Bild: Das Glücksorakel schlechthin: ein vierblättriges Kleeblatt, aus pflanze…
Im Umfeld der gerade beendeten Fußball-Europameisterschaft wurden wieder
jede Menge tierische Orakel an den felligen Haaren ins Licht der
Öffentlichkeit gezerrt. Doch verblüffenderweise hat niemand auf das älteste
Mittel der Vorhersage zurückgegriffen: die Pflanzen. Zu deren Glück! Denn
schon immer ging es ihnen unter den menschlichen Propheten schlecht.

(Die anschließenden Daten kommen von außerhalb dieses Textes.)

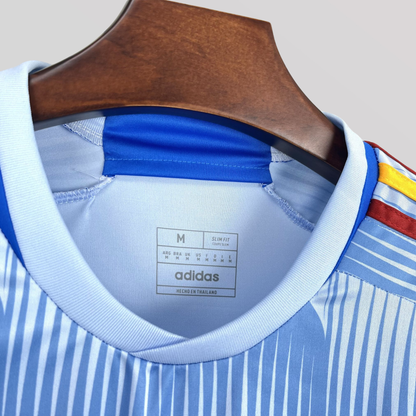 Spain 2022 World Cup Men’s Away Retro Football Kit
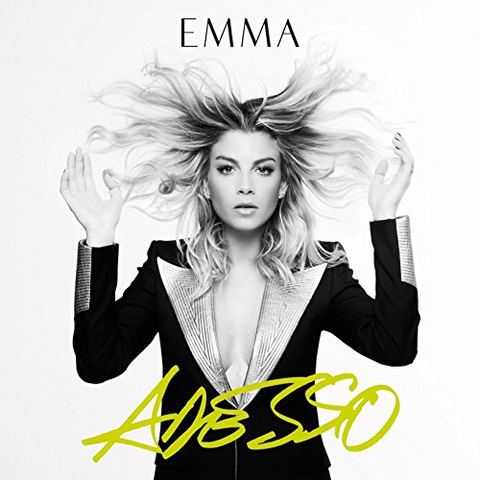 EMMA - ADESSO (2015 - TOUR ED - 2CD+DVD)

Wenn Abrupftrieb und Aberglauben zusammenkommen, leidet die Pflanze! Ein
unheilvoller Trieb nämlich zwingt den Menschen, unter ständigem Murmeln
Pflanzenteile abzureißen: „Sie liebt mich, sie liebt mich nicht …“ Die
gerupfte Pflanze, sie hasst dich, sie hasst dich noch mehr, über alle
Maßen, warum kannst du’s nicht einfach lassen? Der kultivierte Mensch
sollte seine Frage einfach auszählen und das Liebesorakel rechnerisch
lösen.
Das fordern zumindest die seit Jahrhunderten tätigen Hexen für den
Pflanzenfrieden, die natürlich auch alle Varianten des gerupften
Liebesorakels kennen, sogar die schwarze Variante: „Ledig sein, Hochzeit
han, ins Klösterle gehn, am Ende schwarzer Schrein.“
Pflanzenethisch korrekt ist dagegen das Vielliebchenessen, bei dem nur
reife Haselnüsse geknackt werden. Hat eine Nuss zwei Kerne, isst das
Mädchen einen und lässt sich den anderen vom Jüngling von den Lippen
küssen. Das ist die beste Methode, spielerisch herauszufinden, ob dieser an
einer Haselnussallergie leidet und als Partner infrage kommt.
## Gepresstes Kleeblatt
Der Klassiker unter den Pflanzenorakeln ist das
Vierblättrige-Kleeblatt-Suchen. Ist eines gefunden, wird es umstandslos
ausgerissen, in einem dicken Buch gepresst und dann vergessen. Die Hexen
für botanische Nachhaltigkeit sind natürlich mit solch einer Tortur nicht
einverstanden. Warum können die ehrlichen Finder und Finderinnen das
Kleeblatt nicht einfach fotografieren oder besser noch abzeichnen, anstatt
es zu mumifizieren und zu krümelifizieren?
Klüger ist es ohnehin, das gefundene Kleeblatt einem anderen Menschen in
die Schuhe zu schieben, denn dieser muss fortan hinter dem
In-den-Schuh-Schieber herlaufen. Das prophezeien jedenfalls die klugen
Alraunen von alters her. Die Gewürzbordindustrie schwört hingegen auf die
Wirkung von Rosmarin, Liebstöckel und Dill, es heißt ja nach dem Verzehr,
es verliebt sich der Partner oder er macht, was er will.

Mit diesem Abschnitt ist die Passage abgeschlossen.